▶

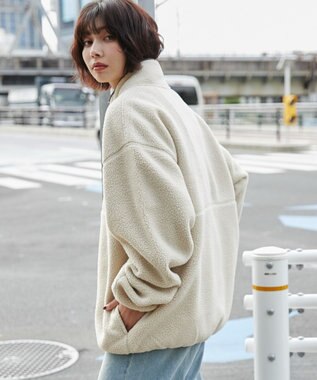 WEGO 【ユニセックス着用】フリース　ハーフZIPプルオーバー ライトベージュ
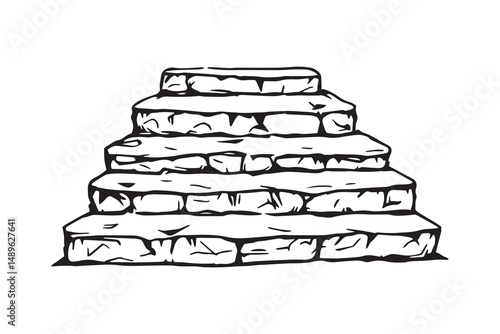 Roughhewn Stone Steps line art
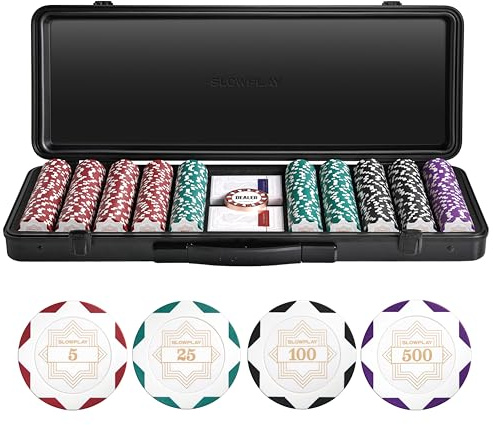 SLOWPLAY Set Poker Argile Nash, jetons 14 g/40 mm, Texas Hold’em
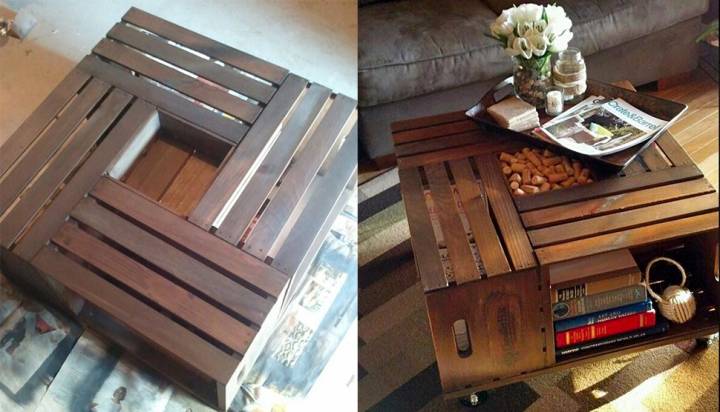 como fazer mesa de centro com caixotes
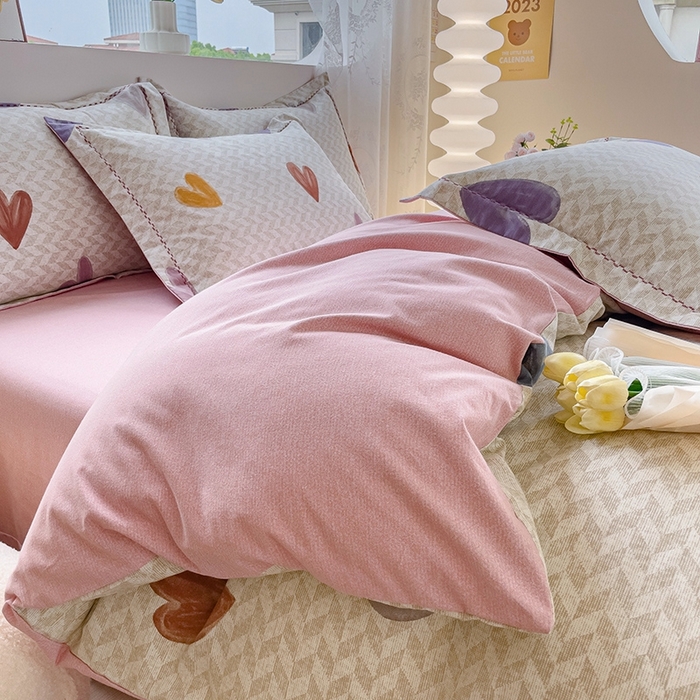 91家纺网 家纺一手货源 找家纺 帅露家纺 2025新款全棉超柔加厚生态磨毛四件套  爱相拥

◀
▶

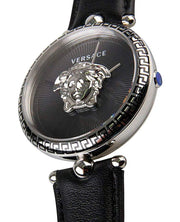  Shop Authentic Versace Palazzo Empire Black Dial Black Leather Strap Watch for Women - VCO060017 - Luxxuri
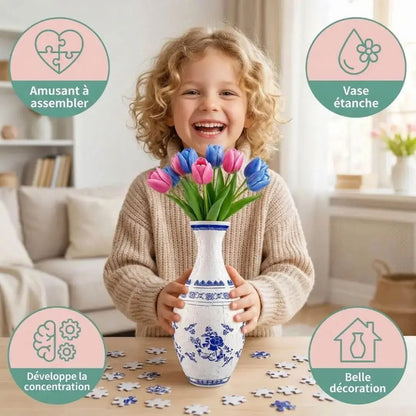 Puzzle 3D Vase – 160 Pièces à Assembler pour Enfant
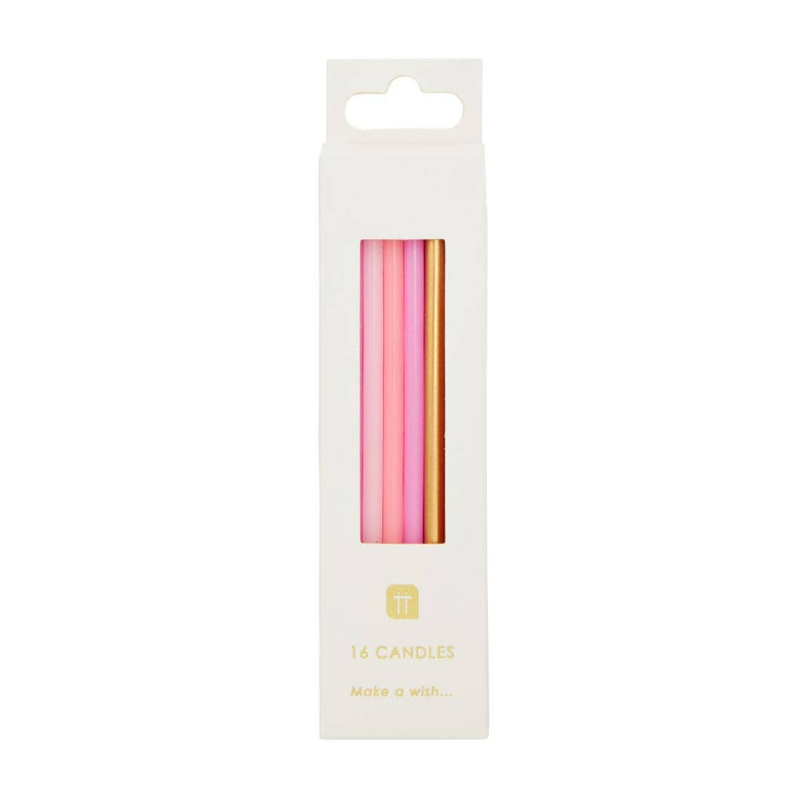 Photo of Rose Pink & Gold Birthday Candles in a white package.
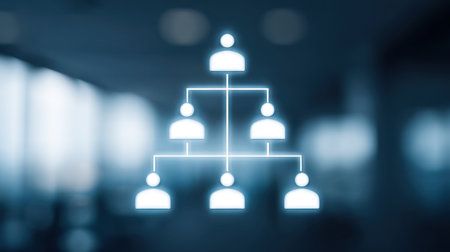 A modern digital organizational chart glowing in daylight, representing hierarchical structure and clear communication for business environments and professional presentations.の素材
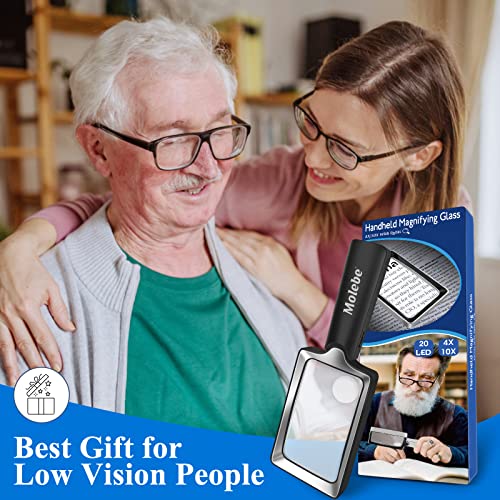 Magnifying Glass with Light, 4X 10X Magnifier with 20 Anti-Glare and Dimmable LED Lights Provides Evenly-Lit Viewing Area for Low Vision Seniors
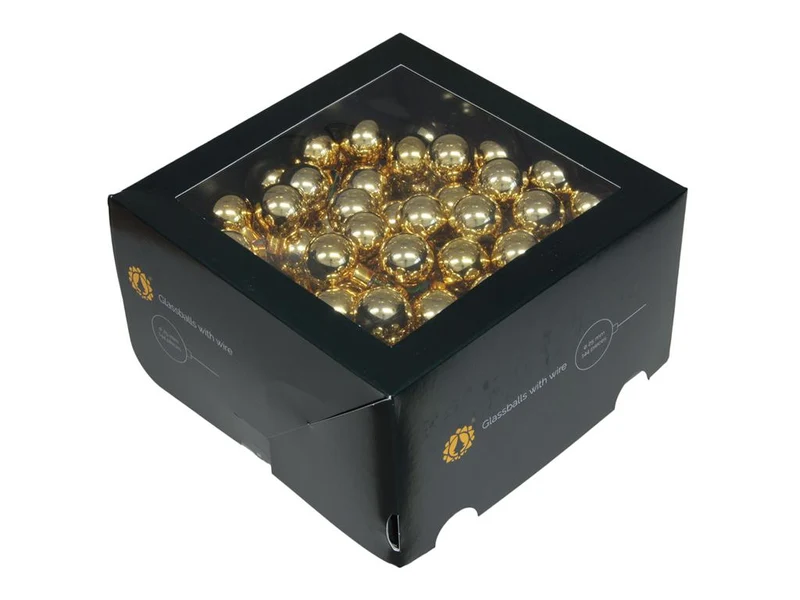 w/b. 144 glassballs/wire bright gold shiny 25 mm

◀

• [WHAT NEEDS TO BE DONE]
Your answer should consist of the lines above between those holding "WEGO 【ユニセックス着用】フリース　ハーフZIPプルオーバー ライトベージュ" and "91家纺网 家纺一手货源 找家纺", inclusive, reproduced word for word and without pictures.

• [SOLUTION FOR THIS EXERCISE]
 WEGO 【ユニセックス着用】フリース　ハーフZIPプルオーバー ライトベージュ
 Roughhewn Stone Steps line art
 SLOWPLAY Set Poker Argile Nash, jetons 14 g/40 mm, Texas Hold’em
 como fazer mesa de centro com caixotes
 91家纺网 家纺一手货源 找家纺 帅露家纺 2025新款全棉超柔加厚生态磨毛四件套  爱相拥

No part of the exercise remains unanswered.